When Wilson asked for a show of hands, he found the most sounds heard by any single person came to almost two dozen. Then he asked the audience if anyone had heard anything this fellow had not. Hands shot up, and Wilson added the noted sounds to the list, for a total of over forty. This upshot? This proved, he said, that even the most observant person in the room was aware of only about half of what was really going on.
Wilson demonstrated how awareness is a collective effort. We have to keep paying attention with full consciousness to the moment, not just for ourselves, the red-pilled, but for the blue-pilled, the ones with their hands to their ears. Because hands are dropping. As Robert F. Kennedy Jr. observed, our numbers are growing, but theirs are not.
Most of us struggle to understand, to know, even though the big picture is discouragingly immense in scope, and cognitive biases colour our interpretations. Yet as Einstein once observed, “imagination is more important than knowledge.” The transhumanists and their backers are hammering together a vast, open-air Skinner box for us all, and it will take great imagination to think – and act – outside of it.
Hubris and overreach
Yes, it looks very dark, but it looked very dark in the last century, too. In the 1940s, millions of Europeans genuinely feared their democratic civilization was coming to an end. And it very likely would have, had not Hitler made the insane decision to invade the Soviet Union. And this is very often the way that authoritarian regimes collapse – through hubris and overreach.

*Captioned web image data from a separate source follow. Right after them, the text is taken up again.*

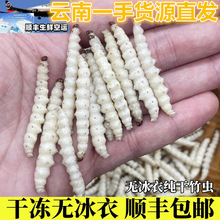 云南特产野生竹虫鲜新冷冻冰冻竹节虫竹蛹顺丰包邮竹蜂幼虫不带冰
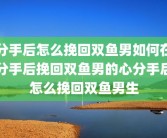 分手后怎么挽回双鱼男如何在分手后挽回双鱼男的心分手后怎么挽回双鱼男生
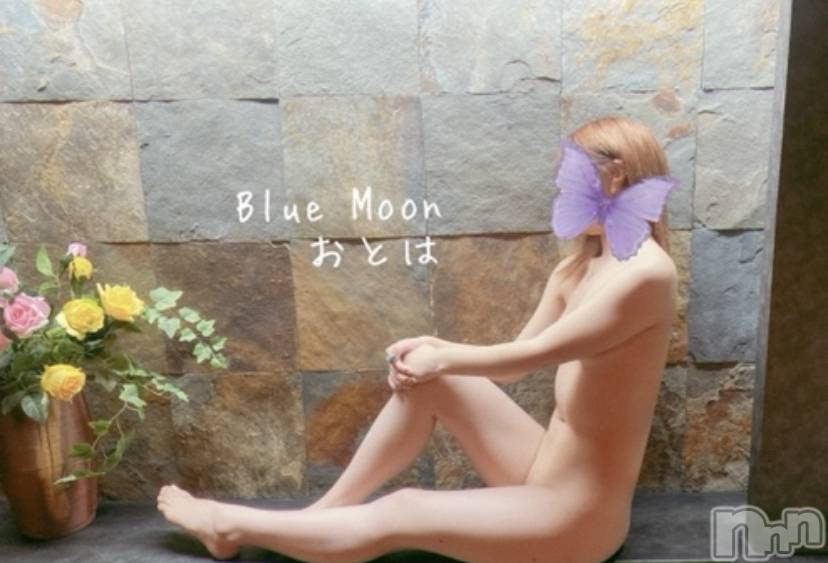 三条デリヘルコスプレ専門店　BLUE MOON(ブルームーン) ふわふわ系美少女＃おとは(22)の3月4日写メブログ「すぐお伺いできます♡」
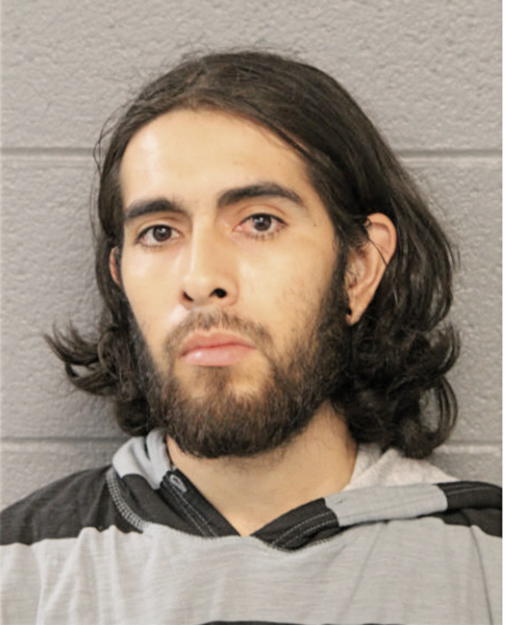 DIEGO ACEVEZ, Cook County, Illinois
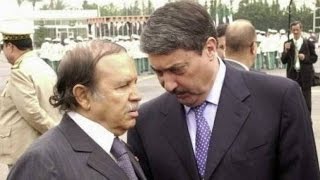 Meilleure chanson politique en Algérie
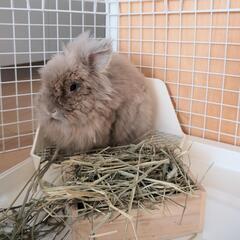 うさぎ ライオンヘッド (避妊手術済）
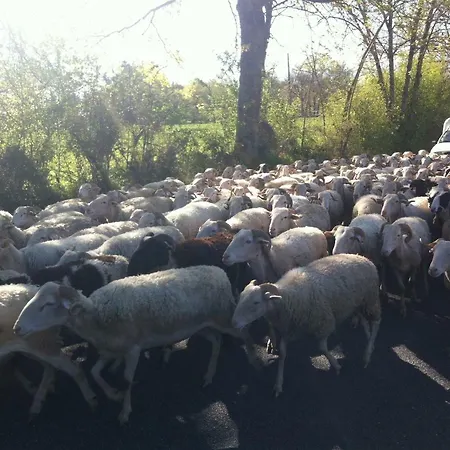 بيت ضيافة D'escane Escanecrabe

One of Einstein’s contemporaries, Charlie Chaplin, released one of his most memorable films in that dark hour. In the final speech from the 1940 film The Great Dictator, the reluctant leader confesses:
We have developed speed, but we have shut ourselves in. Machinery that gives abundance has left us in want. Our knowledge has made us cynical. Our cleverness, hard and unkind. We think too much and feel too little. More than machinery we need humanity. More than cleverness we need kindness and gentleness. Without these qualities, life will be violent and all will be lost…
There’s an echo in Chaplin’s words in the more recent quote below from Alex Krainer. I believe this the best piece of advice to convey to my smarting friend and the curious reader.

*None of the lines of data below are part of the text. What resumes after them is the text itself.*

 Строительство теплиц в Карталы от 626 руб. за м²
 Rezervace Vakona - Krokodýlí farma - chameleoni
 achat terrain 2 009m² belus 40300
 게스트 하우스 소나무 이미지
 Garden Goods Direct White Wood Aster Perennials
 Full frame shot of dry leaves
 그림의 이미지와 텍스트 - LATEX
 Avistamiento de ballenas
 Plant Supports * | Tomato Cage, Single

Do not allow yourself to be discouraged by fear and despair that the media shovels our way 24/7. We are witnessing the manifestations of old systems collapsing. And while some of those manifestations appear fearsome, do keep in mind Confucius‘ counsel:
“A seed grows with no sound. But a tree falls with huge noise. Destruction has noise but creation is quiet. This is the power of silence…grow silently.”
Destruction is all around us, creating great noise, but you carry a seed that grows silently within. Be mindful of it and shield it from anxiety as you would shield your child. Things that emerge from seeds are worthy of our reverence. If we cultivate them with attention and love, they can grow beautiful and majestic.
As Dostoevsky said, beauty will save the world. That beauty is us – you and I – our children, our parents, our friends, all of us. We can’t see what all these seeds will become, but it should be easy to believe – nature’s creations are always so beautiful. And be sure to turn your love inward as well as outward.